-- Task details --
Extract only the lines running from the top of the entries to the line that holds "柠檬live和柠檬live聚合直播有什么不同？五大核心差异与选择指南一次讲清". Include that line and omit the pictures.

-- Stored data --
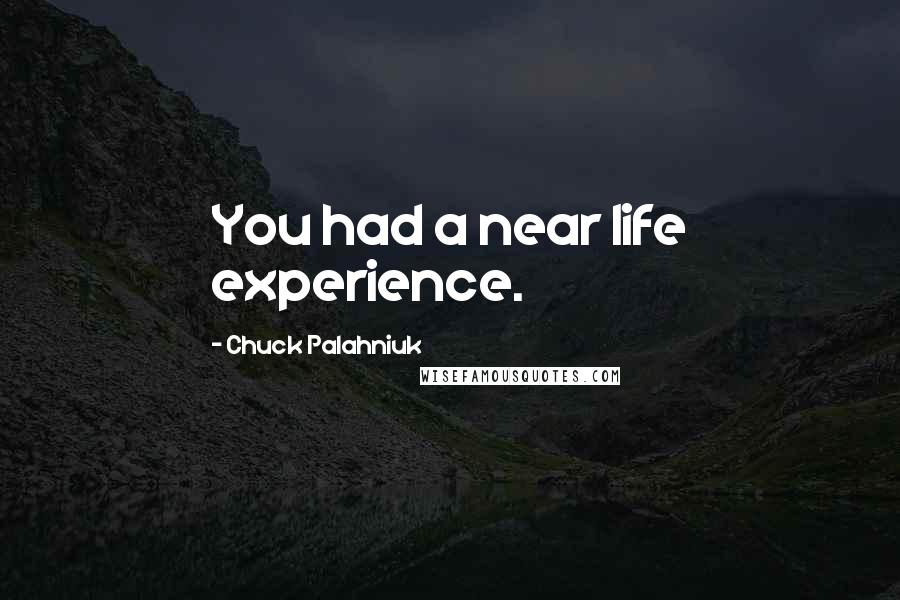 Chuck Palahniuk Quotes: You had a near life experience.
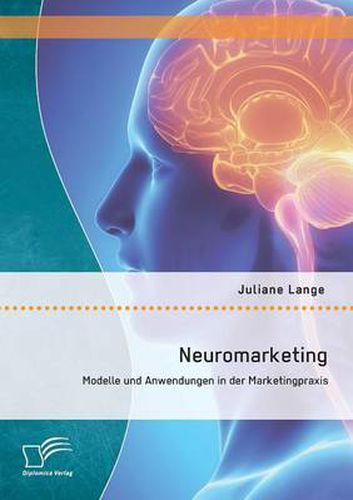 Cover image for Neuromarketing: Modelle und Anwendungen in der Marketingpraxis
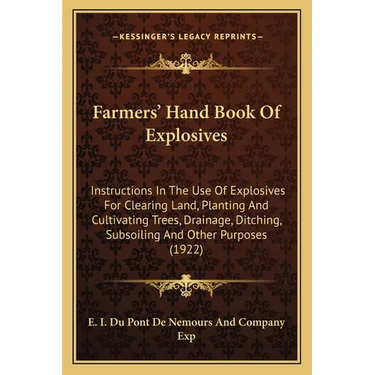 Farmers' Hand Book Of Explosives: Instructions In The Use Of Explosives For Clearing Land, Planting And Cultivating Trees, Drainage, Ditching, Subsoil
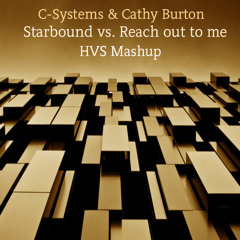 C-Systems & Cathy Burton - Starbound Vs Reach out of me (HVS Mashup)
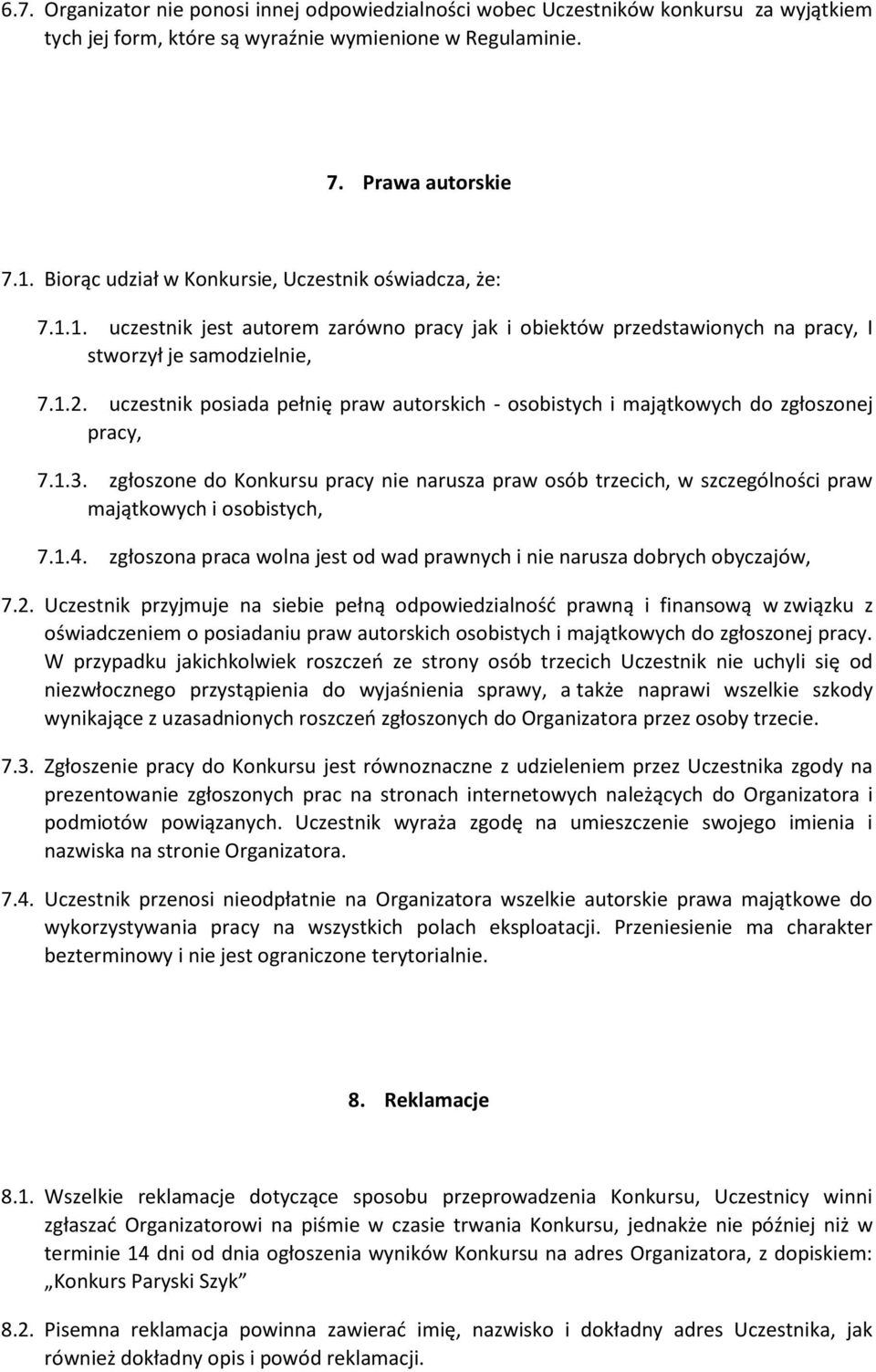 uczestnik posiada pełnię praw autorskich - osobistych i majątkowych do zgłoszonej pracy, 7.1.3.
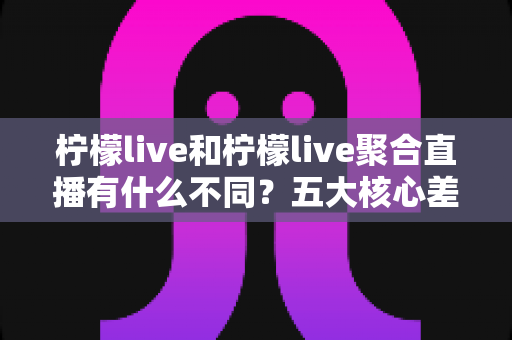 柠檬live和柠檬live聚合直播有什么不同？五大核心差异与选择指南一次讲清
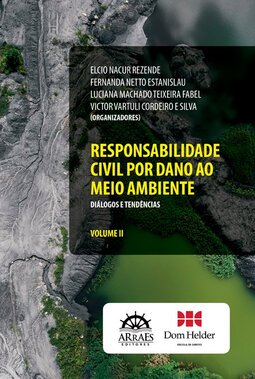 Responsabilidade civil por dano ao meio ambiente: diálogos e tendências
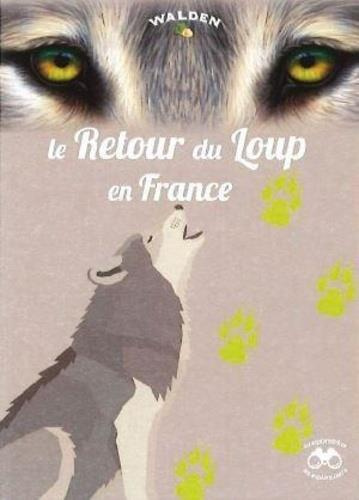Emprunter Le retour du loup en France livre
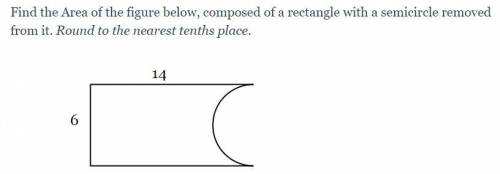 Find the Area of the figure below, composed of a rectangle with a semicircle removed from it. Round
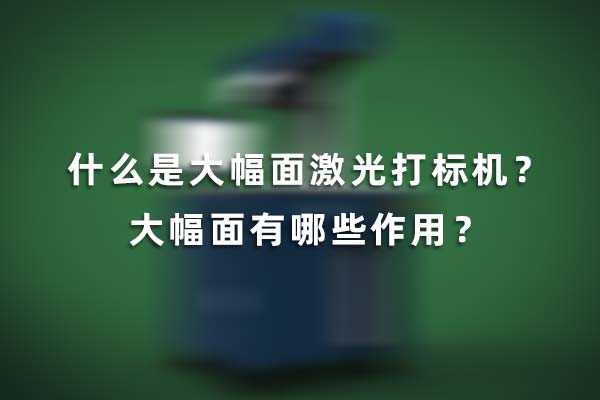 什么是大幅面激光打標機？大幅面有哪些作用？(圖1)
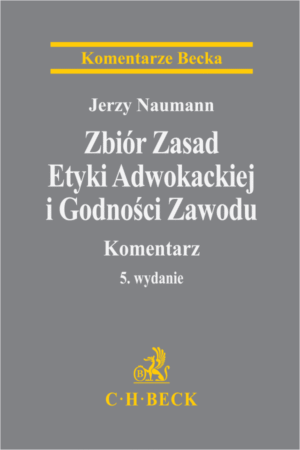 Zbiór Zasad Etyki Adwokackiej i Godności Zawodu. Komentarz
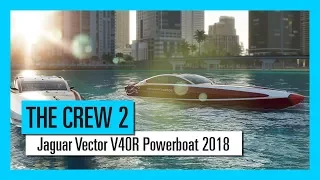 THE CREW 2 : Jaguar Vector V40R Powerboat 2018 - Motorsports Vehicle Serie |Trailer | Ubisoft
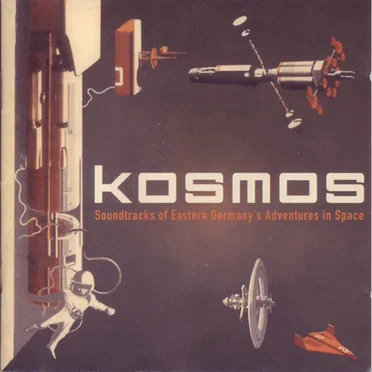 Kosmos: Soundtracks of Eastern Germany's Adventures in Space by Various Artists - album cover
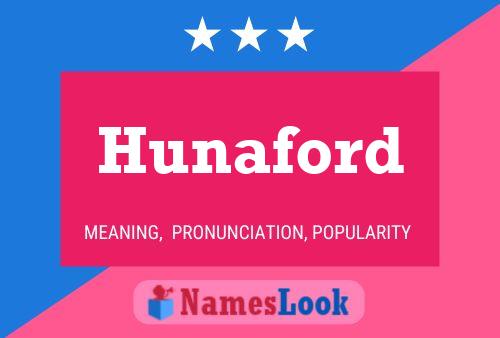 Hunaford Namensposter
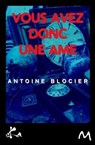 Vous avez donc une âme - Antoine Blocier - 9791023402315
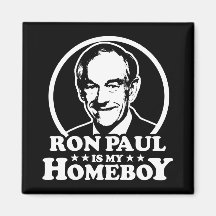 Ron Paul Is My Homeboy Magnets
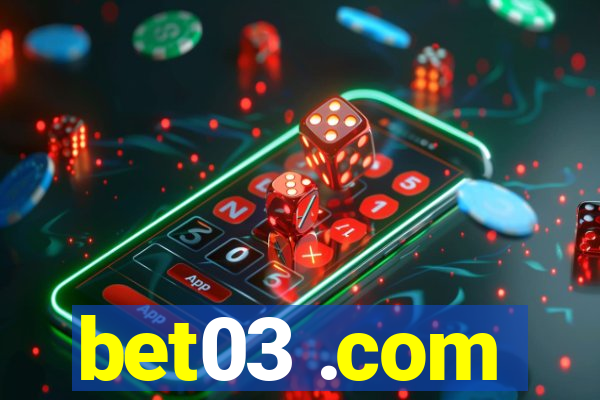 bet03 .com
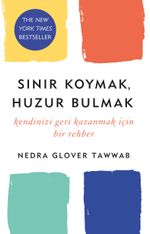 Sınır Koymak, Huzur Bulmak & Kendinizi Geri Kazanmak Için Bir Rehber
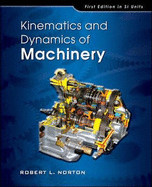Kinematics and Dynamics of Machinery (SI units)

-- Solution to the exercise --
 Chuck Palahniuk Quotes: You had a near life experience.
 Cover image for Neuromarketing: Modelle und Anwendungen in der Marketingpraxis
 Farmers' Hand Book Of Explosives: Instructions In The Use Of Explosives For Clearing Land, Planting And Cultivating Trees, Drainage, Ditching, Subsoil
 C-Systems & Cathy Burton - Starbound Vs Reach out of me (HVS Mashup)
 uczestnik posiada pełnię praw autorskich - osobistych i majątkowych do zgłoszonej pracy, 7.1.3.
 柠檬live和柠檬live聚合直播有什么不同？五大核心差异与选择指南一次讲清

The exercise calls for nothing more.